Filtering generated values
Not all problems are abstract enough to accept all values in input, so it may be necessary to exclude part of the generated values when they do not fit our needs.
Hypothesis provides a filter()
method to apply a lambda to values, expressing a condition for them to be included in the test:
@given(st.integers().filter(lambda x: x > 42))
def test_filtering(self, x):
self.assertGreater(x, 42)
Eris allows to filter values with a predicate in the same way, but prefers to allocate the filter to the generic ForAll
object rather than decorate it on each Generator:
public function testWhenWithAnAnonymousFunctionWithGherkinSyntax()
{
$this
->forAll(
Generator\choose(0, 1000)
)
->when(function ($n) {
return $n > 42;
})
->then(function ($number) {
$this->assertTrue(
$number > 42,
"\$number was filtered to be more than 42, but it's $number"
);
});
}
Filtering and the constructs that follow are integrated with shrinking in both Hypothesis and Eris: once a test fails and shrinking starts, constraints and transformations will continue to be applied to the generated values so that the simpler inputs are still going to belong to the same distribution; in this scenario, shrinking would only be able to propose numbers greater than 42.
Transforming generated values
Another common need consists of transforming the generated value to a different space, for example the set of all even numbers rather than the (larger) set of integers.

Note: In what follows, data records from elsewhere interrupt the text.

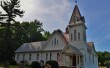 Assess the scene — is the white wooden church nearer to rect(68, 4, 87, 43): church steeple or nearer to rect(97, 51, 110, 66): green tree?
rect(68, 4, 87, 43): church steeple

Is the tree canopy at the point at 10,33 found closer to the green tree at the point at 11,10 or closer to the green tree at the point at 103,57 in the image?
the green tree at the point at 11,10

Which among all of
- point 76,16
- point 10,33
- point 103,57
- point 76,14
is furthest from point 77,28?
point 103,57

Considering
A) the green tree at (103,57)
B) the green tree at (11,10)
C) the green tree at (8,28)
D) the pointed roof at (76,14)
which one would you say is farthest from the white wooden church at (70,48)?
the green tree at (103,57)

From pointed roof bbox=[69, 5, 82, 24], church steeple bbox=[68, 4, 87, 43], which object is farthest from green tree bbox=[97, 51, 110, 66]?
pointed roof bbox=[69, 5, 82, 24]

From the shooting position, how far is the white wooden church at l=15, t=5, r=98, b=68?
26.7 m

Hypothesis allows to do this by passing a lambda to the map()
method of a strategy:
@given(st.integers().map(lambda x: x * 2))
def test_mapping(self, x):
self.assertEqual(x % 2, 0)
Eris instead provides a Map
higher-order generator, which applies the lambda during generation:
public function testApplyingAFunctionToGeneratedValues()
{
$this
->forAll(
Generator\map(
function ($n) { return $n * 2; },
Generator\nat()
)
)
->then(function ($number) {
$this->assertTrue(
$number % 2 == 0,
"$number is not even"
);
});
}
In both cases, the advantage of using the map
support from the library (rather than writing our own multiplying code in the tests) is that the resulting object can be further composed to build larger data structures like a list or set of even numbers.

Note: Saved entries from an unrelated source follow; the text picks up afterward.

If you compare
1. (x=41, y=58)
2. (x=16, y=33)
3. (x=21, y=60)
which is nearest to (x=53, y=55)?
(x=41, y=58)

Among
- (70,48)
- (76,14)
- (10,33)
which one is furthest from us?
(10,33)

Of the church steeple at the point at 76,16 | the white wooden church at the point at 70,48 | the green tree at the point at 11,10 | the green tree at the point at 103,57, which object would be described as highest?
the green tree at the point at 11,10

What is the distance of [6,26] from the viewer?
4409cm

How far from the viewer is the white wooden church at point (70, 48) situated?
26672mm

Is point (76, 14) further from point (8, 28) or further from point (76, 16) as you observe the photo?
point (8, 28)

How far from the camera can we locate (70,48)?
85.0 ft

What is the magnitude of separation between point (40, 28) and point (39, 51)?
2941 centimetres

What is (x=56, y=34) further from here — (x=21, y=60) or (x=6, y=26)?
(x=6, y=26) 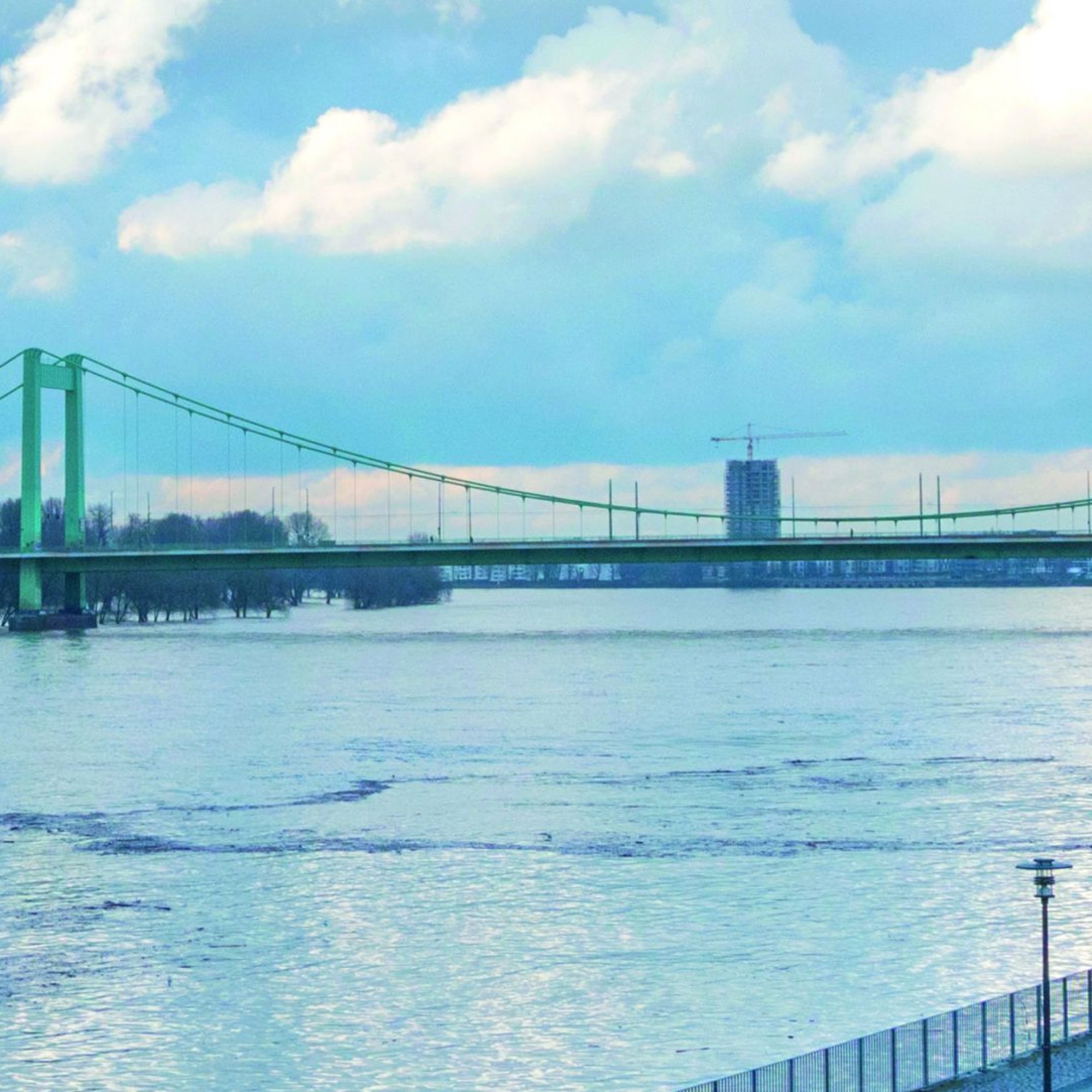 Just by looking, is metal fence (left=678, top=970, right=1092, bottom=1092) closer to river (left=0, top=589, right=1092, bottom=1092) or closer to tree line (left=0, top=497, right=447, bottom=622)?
river (left=0, top=589, right=1092, bottom=1092)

Generators with random parameters
It’s possible to build even stricter values, that have internal constraints that must be satisfied but can’t easily be generated by applying a pure function to a previously generated value.
Hypothesis provides the flatmap()
method to pass the output of an inner strategy to a lambda that creates an outer strategy to use in the test. Here a list of 4 integers is passed to the lambda, to generate a tuple consisting of the list and a random element chosen from it:
@given(st.lists(st.integers(), min_size=4, max_size=4).flatmap(
lambda xs: st.tuples(st.just(xs), st.sampled_from(xs))
))
def test_list_and_element_from_it(self, pair):
(generated_list, element) = pair
self.assertIn(element, generated_list)
Eris does the same with a slighly different naming, calling this primitive bind
:
public function testCreatingABrandNewGeneratorFromAGeneratedValue()
{
$this
->forAll(
Generator\bind(
Generator\vector(4, Generator\nat()),
function ($vector) {
return Generator\tuple(
Generator\elements($vector),
Generator\constant($vector)
);
}
)
)
->then(function ($tuple) {
list($element, $vector) = $tuple;
$this->assertContains($element, $vector);
});
}
What the future brings
Hypothesis is a much more mature project than Eris, especially when it comes to keeping state between test runs or acting as a generic random data provider rather than as an extension to a testing framework. It will be interesting to continue porting Hypothesis features to the PHP world, given the original features and patterns that Hypothesis shows with respect to the rest of the *Check
world.
References
The Hypothesis examples shown in this post can be found in this example repository.
The Eris examples can instead be found in the example/ folder of the Eris repository on GitHub.